EMERITUS PROFESSOR STUDIED HIBERNATING BEARS (ABCNews.com, Feb. 21)
In a story about how bears hibernate, the research of retired UI physiologist EDGAR FOLK is noted. Folk and his colleagues determined hibernating bears reduce their sleeping heart rates from about 50 beats per minute to as low as six beats per minute in winter. He also found the animals recycle their urea, a poisonous substance that's normally excreted in urine. The bears' livers reprocess the urea and squeeze extra proteins from the recycled fluid.
http://more.abcnews.go.com/sections/scitech/DailyNews/bears010221.html

TOMKOVICZ COMMENTS ON COURT CASE (Wisconsin Public Radio, Feb. 21)
JAMES TOMKOVICZ
, criminal law professor, University of Iowa College of Law, says the Supreme Court needs to draw the line on the use of technology in police investigations. Tomkovicz, made the comment as the featured guest for WPR's "Public Conversation," a one-hour call-in show. The show aired hours after the Supreme Court held arguments in "Kyllo v. the United States," a Fourth Amendment case questioning the law enforcement official's authority to use thermal imaging to search a person’s house without a warrant.
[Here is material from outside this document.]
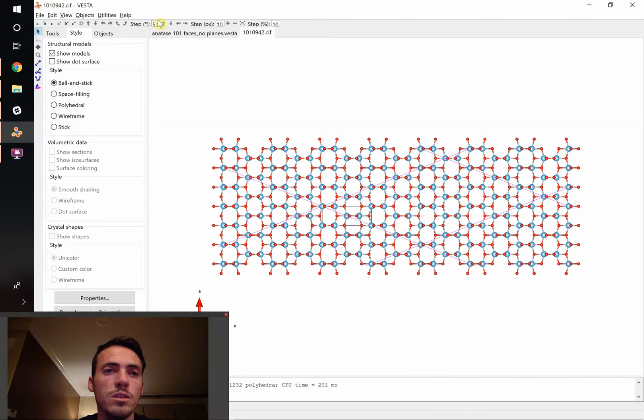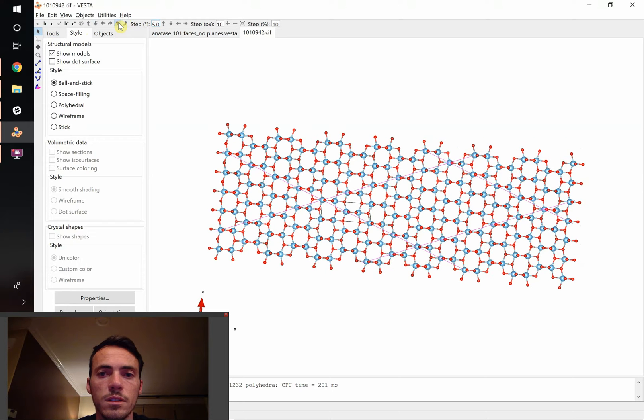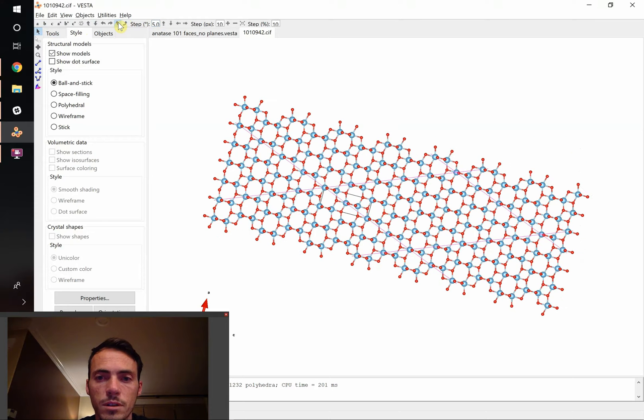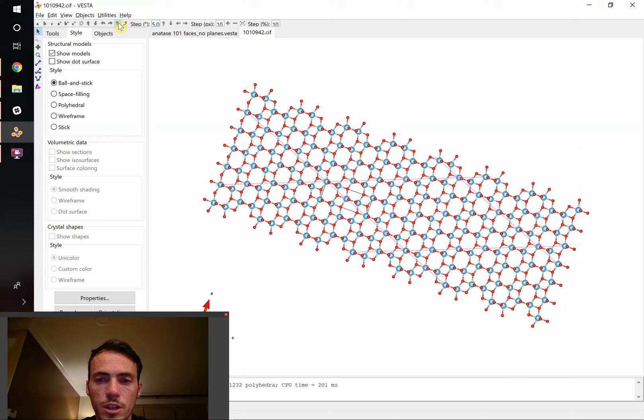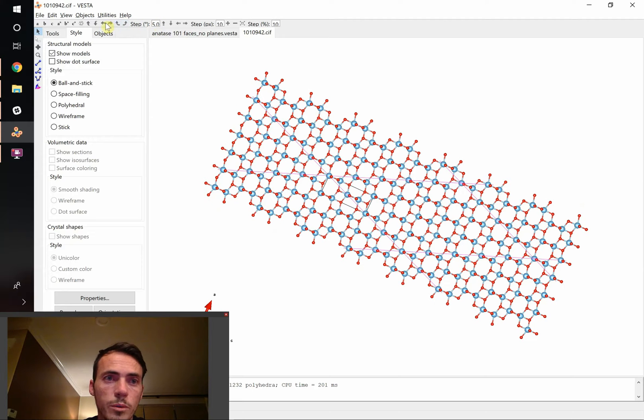And instead you can just tell it to move five degrees at a time. We can rotate about the Z axis. So we can keep on rotating that. We could change it to be more or less than five. It looks like we overdid it.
TOMKOVICZ COMMENTS ON PRIVACY CASE (CBC Radio, Canada, Feb. 20)
It started as a simple arrest involving a marijuana grower but it has grown into a test case to determine what kinds of technology police can use to spy on people. Danny Kyllo made a habit of growing marijuana in his home in Oregon. Police--without a search warrant--used a special device to detect the amount of heat emanating from the walls in his house. Kyllo's lawyer argued before the U.S. Supreme Court on Tuesday that the search violated Kyllo's 4th Amendment right to privacy. JAMES TOMKOVICZ, a constitutional law professor at the University of Iowa, wrote a friend of the court brief on behalf of Kyllo. "I don't believe how much heat I'm generating in my home or the degree to which I'm producing that heat or what words I'm saying in my home is actually being projected to the public. Even though there are devices that can pickup the heat I'm generating or what words I'm saying, I am taking precautions to protect my privacy and those things that I do inside my home," he said.
http://radio.cbc.ca/insite/AS_IT_HAPPENS_TORONTO/2001/2/20.html

UI GRADUATE STUDENTS PROTEST (Chicago Tribune, Feb. 20)
An Associated Press photo shows UI teaching and research assistants picketing on campus. The students' union is negotiating a contract with the Board of Regents.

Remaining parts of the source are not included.